Akoudèkanmmi", la rivière à proximité de l'ancien village est débordée de larmes depuis ce samedi noir. Au delà des frontières du village , parents, amis et connaissances sont attristées.
Les populations n'arrivent toujours pas à accepter la disparition de leur chef.
Nanan n'est plus, une triste réalité qui soulève des vagues de commentaires.
<< Dieu ne peut pas nous faire ça. Avec toutes ces difficultés qu'on a eu a trouver un successeur à notre défunt chef Nanan N'Guessan, M'BRA, comment il peut nous arracher encore Marcellin, aussitôt et de cette manière ? Je suis sous le choque >> a affirmé Koffi.K, un cadre du village.
La nouvelle, comme une traînée de poudre s'est répandue dans le pays , tôt le matin aux environs de 8 heures, quelques minutes peu après l'accident.
De son nom, Kakou Yao Marcellin à l'état civil, Nanan KONGOUET II, revenait d'une veillée de prière qui s'est tenue la nuit du vendredi à samedi à Yobouekro sur l'axe Yamoussoukro-bouaflé, village de la sous-préfecture de Yamoussoukro.
C'est peu avant le village de Zatta, que le chef du village de Sahabo va rendre son dernier souffle.
L' instititeur retraité, plein de vie, au volant de son véhicule, va croiser la mort. C'est un gros camion, en provenance de la capitale administrative et politique qui décharge son poids mortel sur le fils des DIWA.
Le choque a été d'une violence inqualifiable. Malgré, les premiers secours en attendant l'arrivée des sapeurs pompiers de Yamoussoukro, le chef du village de sahabo succombe à ses blessures.
Le "grand arbre" s'est couché, le développement de Sahabo vient de prendre un coup fatal.
L' accession de Nanan KONGOUET II à la tête du village, après le décès de Nanan N'Guessan M'BRA a suscité plusieurs réactions. Les agissements des clans idéologiques ont ouvert un conflit qui ont failli créer une fossé entre les familles.Mais très tôt circonscrit avec les interventions d'anciens et gardiens de la tradition. Sahabo pouvait désormais amorcer son développement.
Lors d'un échange avec ivoirtv.net, le lendemain de son intronisation, en Août 2018, Nanan KONGOUET II a appelé l'ensemble des fils et filles de Sahabo à l'union sacrée pour le développement du village. << Les querelles intestines sont terminées. On peut développer notre village que si chacun se met la main à la pâte.Seul le pardon et la paix peuvent nous conduire au développement>> a t-il indiqué.
Après cette intronisation, de beaux jours se sont présentés au village. Le développement a pris son envol à travers la présentation officielle du président de la mutuelle développement ( MUDESA), KOFFI Toussaint et l'implantation de l'entreprise d'entretien routier NSE qui a permis à plusieurs jeunes désoeuvrés de s'insérer partiellement dans le tissu professionnel.
La question de la gestion foncière était également au coeur du plan d'action de développement.
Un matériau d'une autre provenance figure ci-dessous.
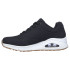 Chaussures Skechers Uno - Stand On Air Femme Black Durabuck/ Mesh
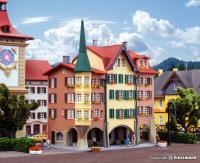 Kibri 36801 - Spur Z Stadthäuser Biel, 3 Stück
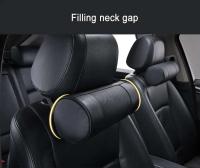 Cojín de asiento de cuero para coche Almohada de cuero para cuello y espina dorsal - details 3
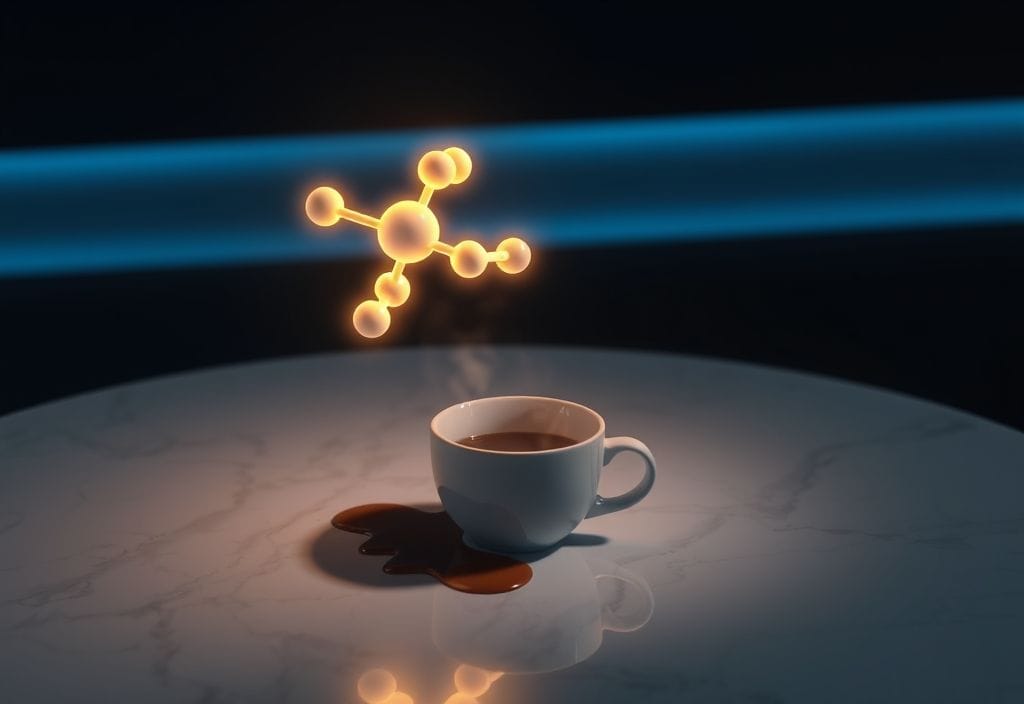 Bump caffeine - molecular energy boost concept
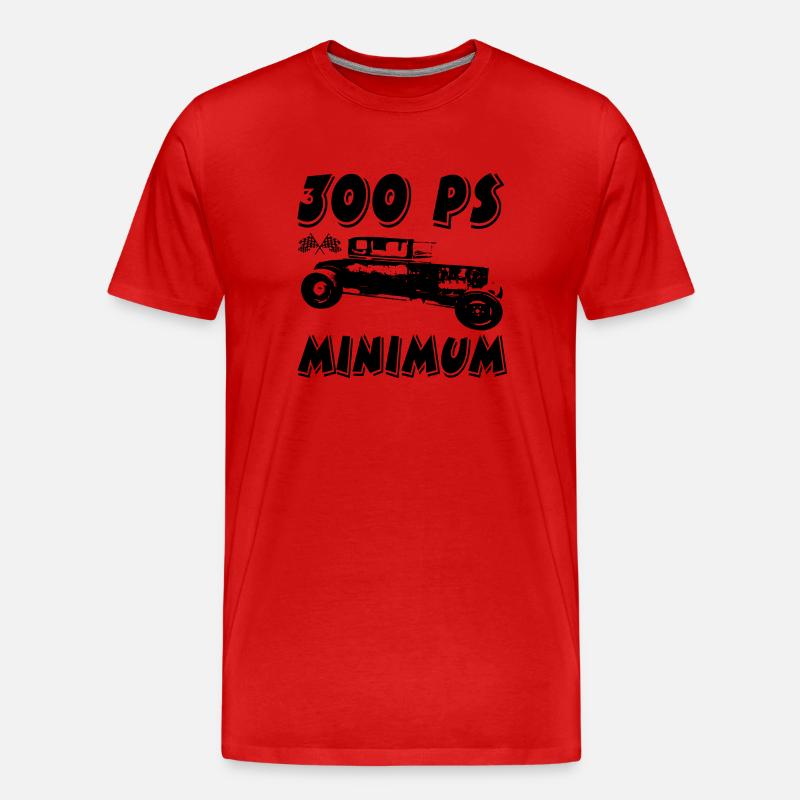 Auto - Männer Premium Bio T-Shirt - Rot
Même si elle n'a pas été abordée en tenant compte de toutes les sensibilités; chose qui a été déplorée, il est à reconnaître que sous l'impulsion de Nanan KONGOUET II, plusieurs initiatives ont été prises pour le bien-être des populations.
La dernière rencontre de la chefferie avec l'équipe dirigeante de la mutuelle de développement témoigne de la bonne foi du chef à concilier les positions pour le bon déroulement des actions de développement.
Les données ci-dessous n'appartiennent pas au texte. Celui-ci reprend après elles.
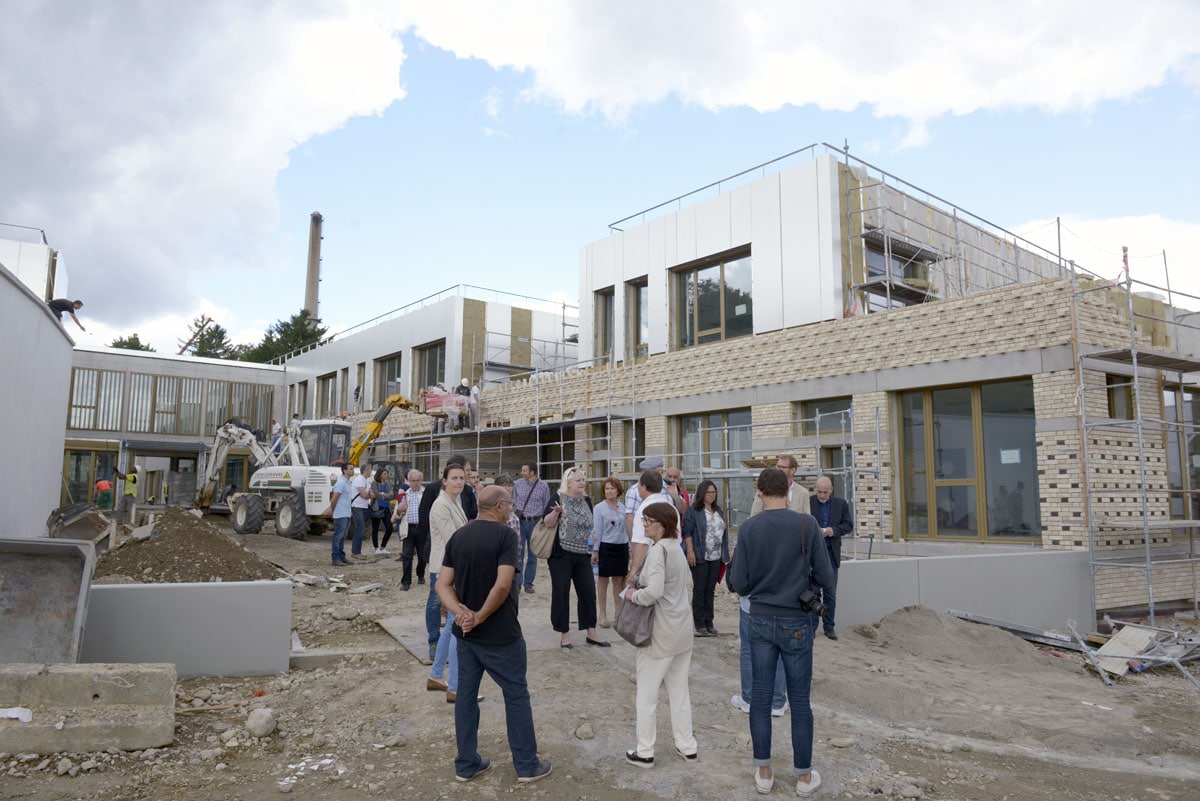 visite Chantier de l'cole Flora Tristan, 13 juillet 2016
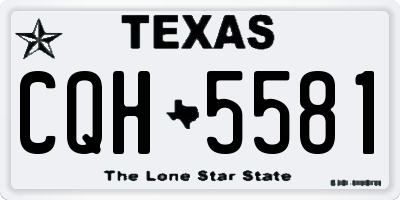 TX license plate CQH5581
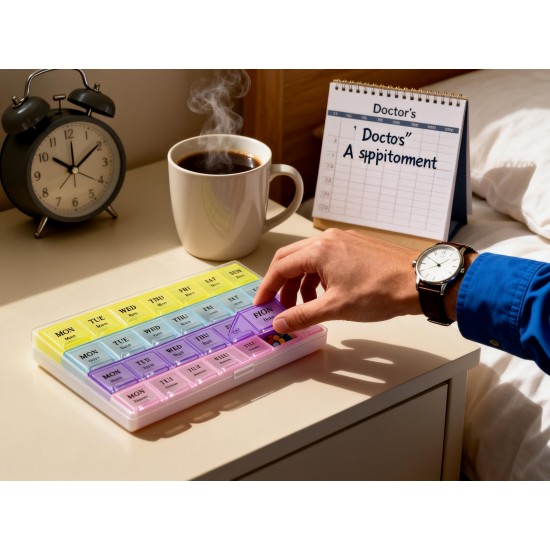 Weekly Pill Case 28-Slot Medicine Organizer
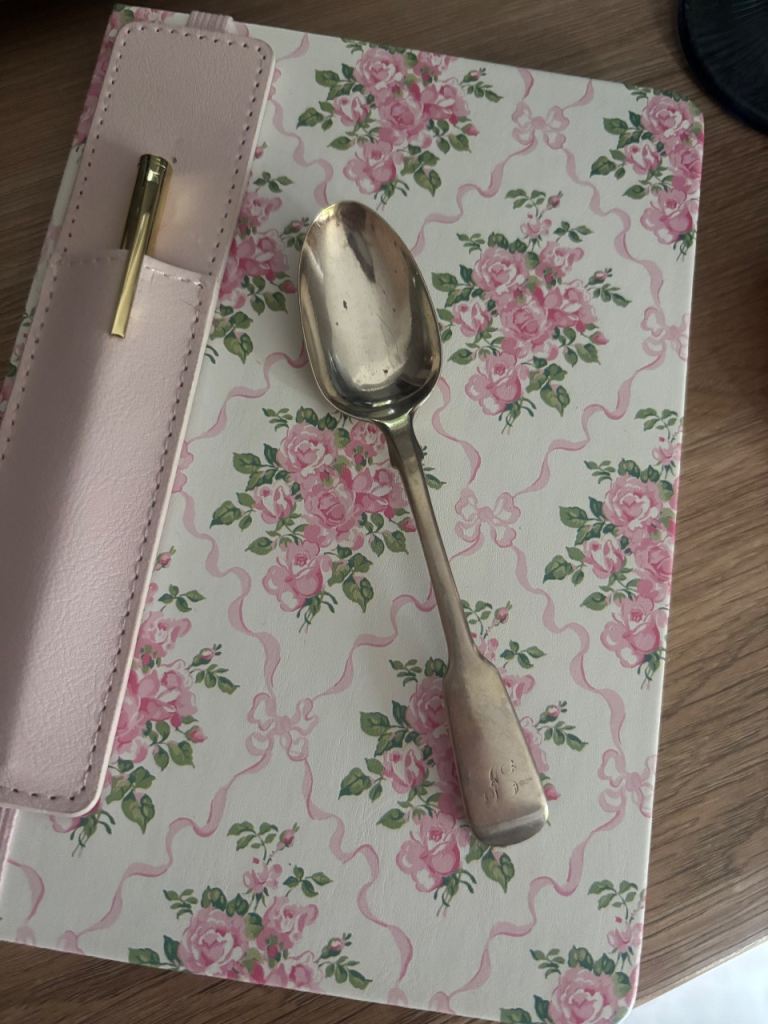 Sterling Silver Fiddle Spoon Victorian Antique Hallmarked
Hélas, Nanan ne pourra pas dérouler toutes ces actions de développement , qui si elles sont réalisées avec l'implication de toutes les populations, devraient permettre Sahabo de sortir de l'eau.
Cette disparition inattendue est-elle liée à un destin ? La méchanceté humaine est-elle aussi à la based la disparition de l'héritier des KONGOUET ?
La suite des événements permettra certainement de répondre à ces différentes interrogations. Mais pour l'heure, il est à retenir que la machine de développement est en panne.